Growing up around all that, my dad learned a good bit of life wisdom. And one bit of advice he shared with me is that if someone’s rigged a game, don’t play it unless you’ve got no choice.

Sadly, sometimes we have no choice. Which brings us to Amazon.

In December, Neil Clarke of Clarkesworld said that “In an absolutely devastating announcement (right before the holidays) Amazon has informed us that they are ending their Kindle Subscription program in 2023 and trying to get magazines to switch to Kindle Unlimited.”

Michael Damian Thomas of Uncanny Magazine echoed this news. “If you are an SFF short story writer, the sky is falling today. This Kindle news couldn’t come at a worst time with what is also going on in social media. We were all barely scraping by. This is an extinction-level event for the ecosystem unless we all figure something out.”

The reason for the alarm is that over the last decade, Kindle subscriptions have become a significant part of the overall circulation for a large number of science fiction and fantasy magazines. Essentially, people like the convenience and ease of buying and reading e-books and expect the same from their magazine subscriptions.
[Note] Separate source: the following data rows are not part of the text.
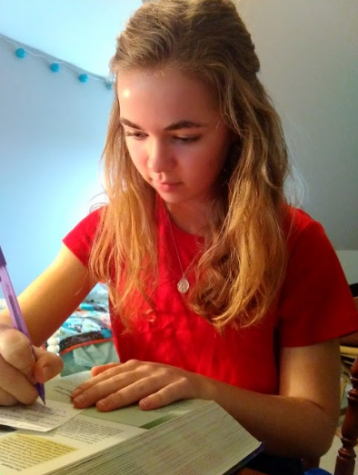 Junior Hayleigh Walton works on flashcards for her AP US History class during the mandatory closure of schools due to the coronavirus. Walton has maintained a similar schedule to her school days over the break.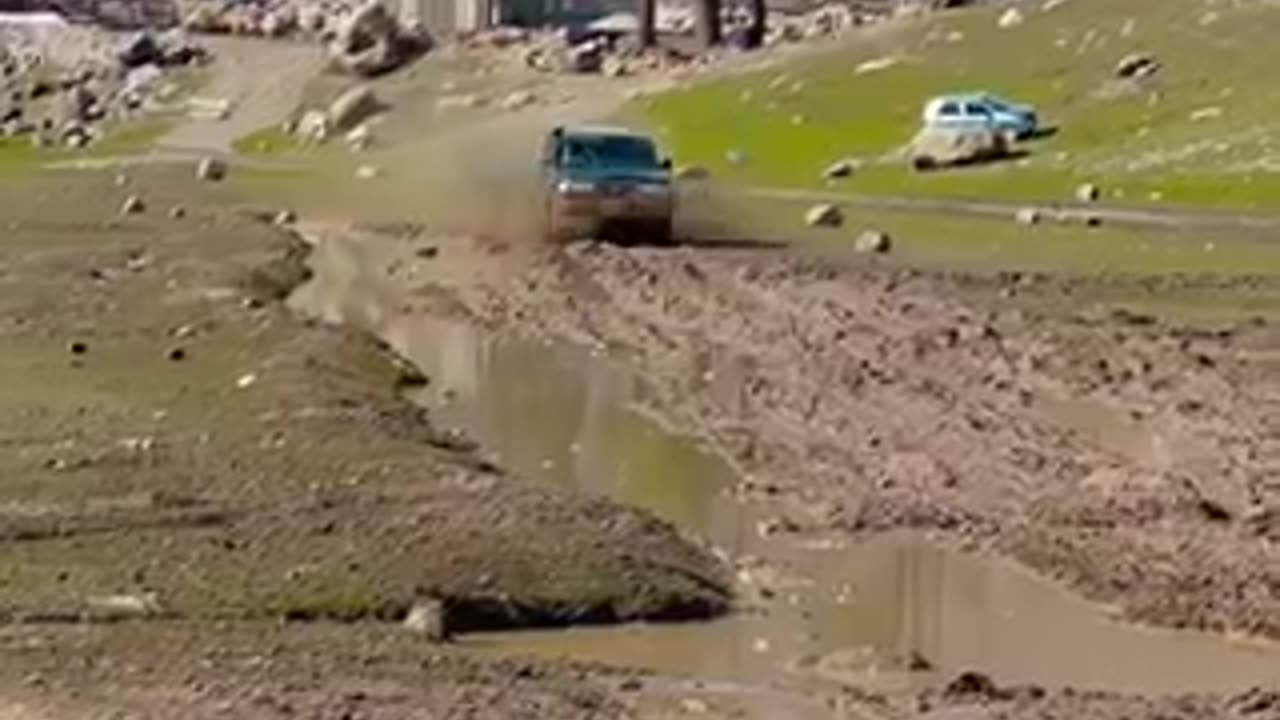 Land cruiser power 🔥💪 toyota V8 #cars2023#landcruiser#viral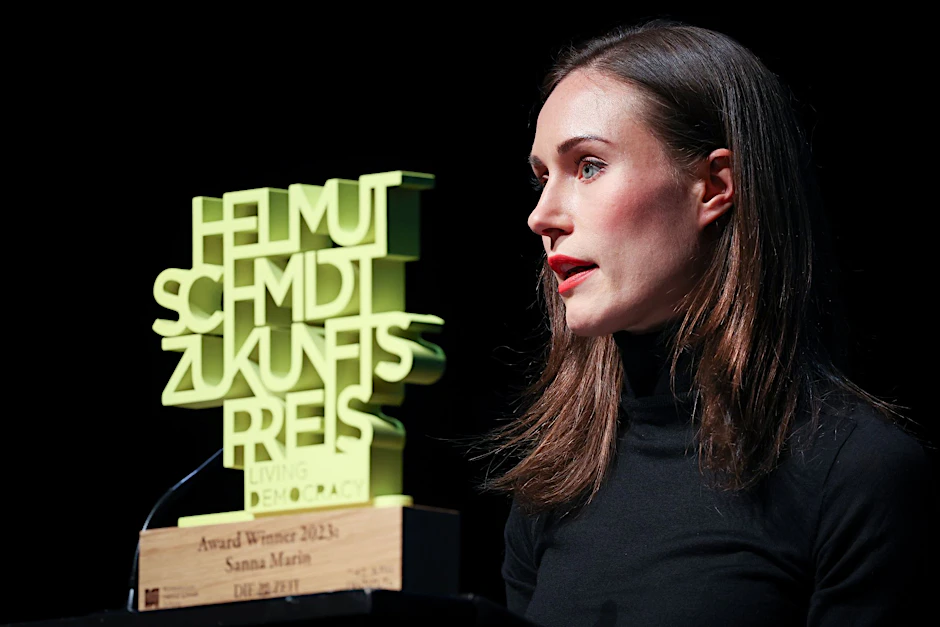 Sanna Marin hat im Hamburger Thalia Theater den Helmut-Schmidt-Zukunftspreis entgegengenommen.  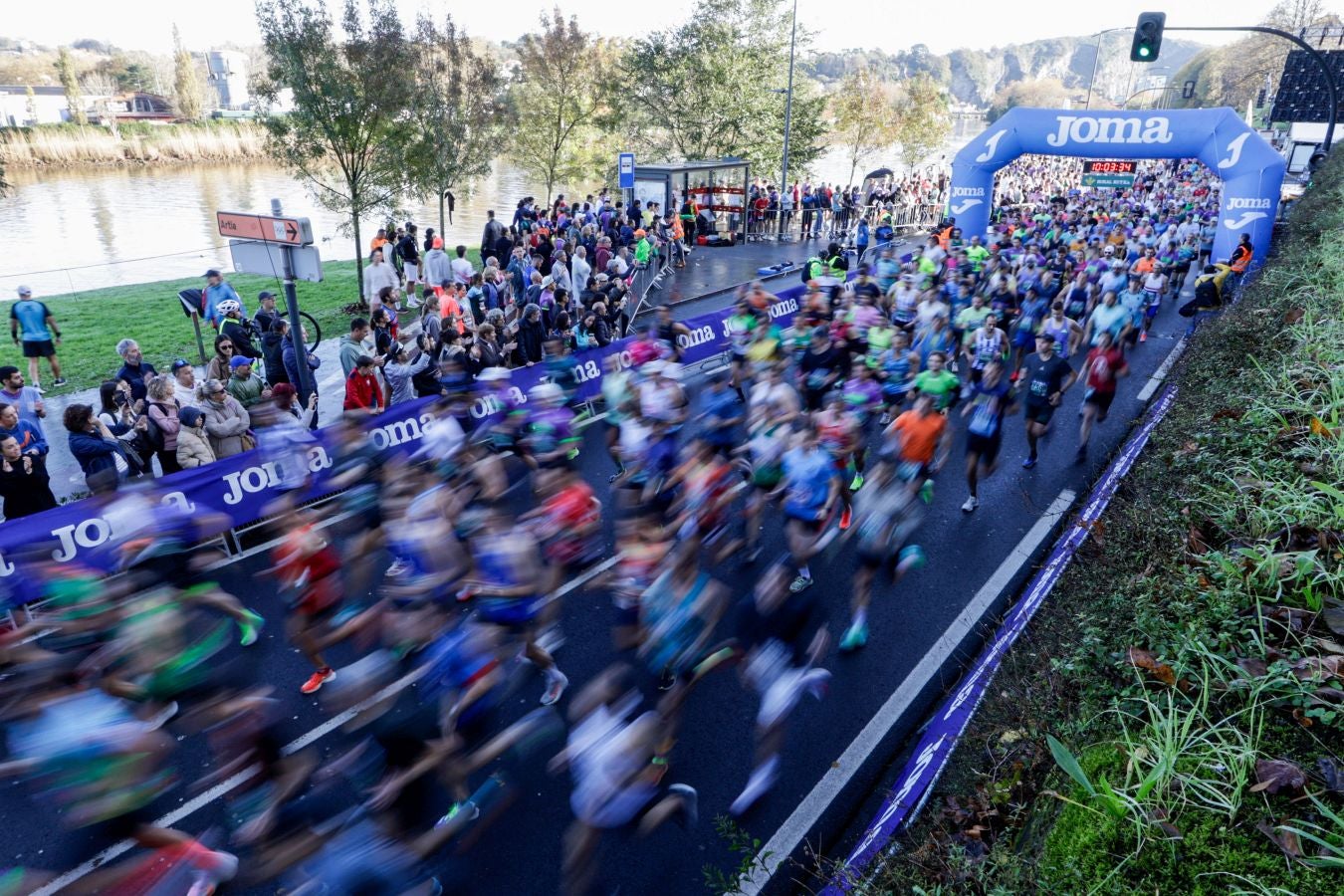 El paso de los corredores por Irun, en imágenes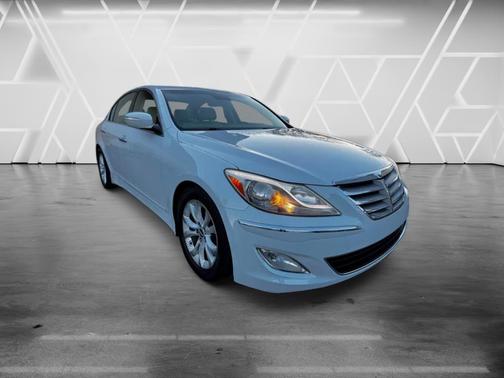 Satin 2012 Hyundai Genesis 3.8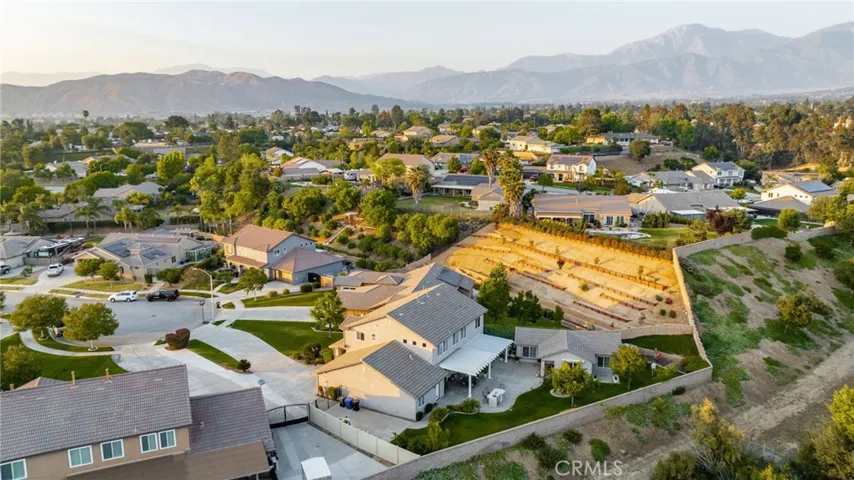 33581 Gene Autry Circle, Yucaipa, California 92399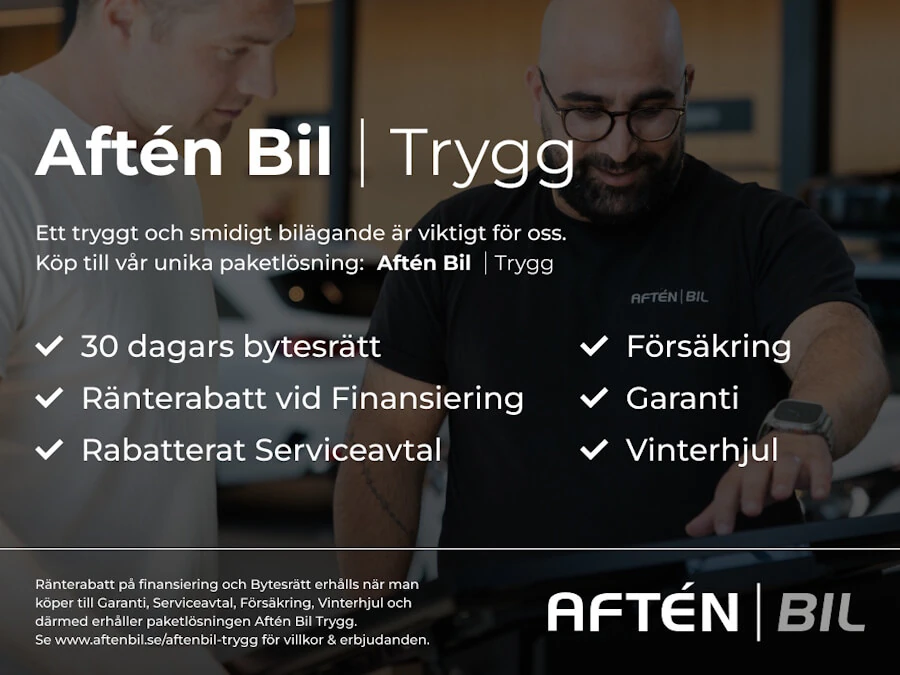 Två Aftén Bil-medarbetare går igenom ett bilköp tillsammans – annons för paketlösningen Aftén Bil Trygg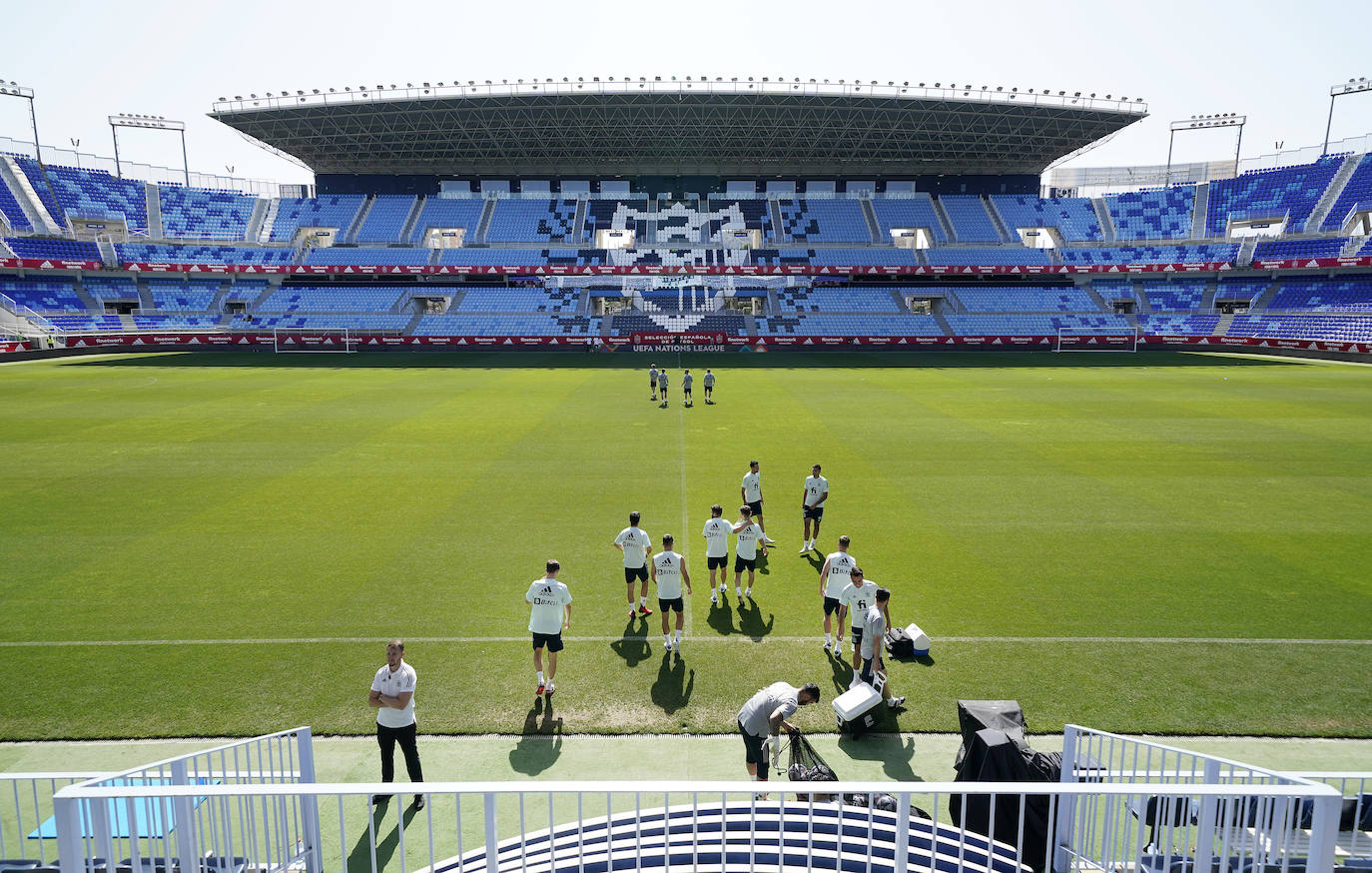 Fotos: El entrenamiento de la selección española en La Rosaleda en imágenes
By ending the Kindle Newsstand program, Amazon would no longer allow people on their platform to subscribe directly to magazines. Instead, Amazon announced it would allow certain magazines to remain on the platform through their Kindle Unlimited program.

As Rajiv Moté said, this means Amazon would be “moving e-magazines to a Spotify model, just like music. You pay the sales platform, not the producers.”

Because Kindle Unlimited (KU) allows subscribers to read as much as they want for a monthly fee, KU pays authors and publishers based on how many pages people read. The problem with translating this to magazines is many people don’t read every page in a magazine. Instead, they may pick out certain stories and articles to read, or may even stop reading a story if it doesn’t work for them. (Update: One anonymous source has told me Amazon’s KU for magazines won’t be based on pages. But specific details are not available.)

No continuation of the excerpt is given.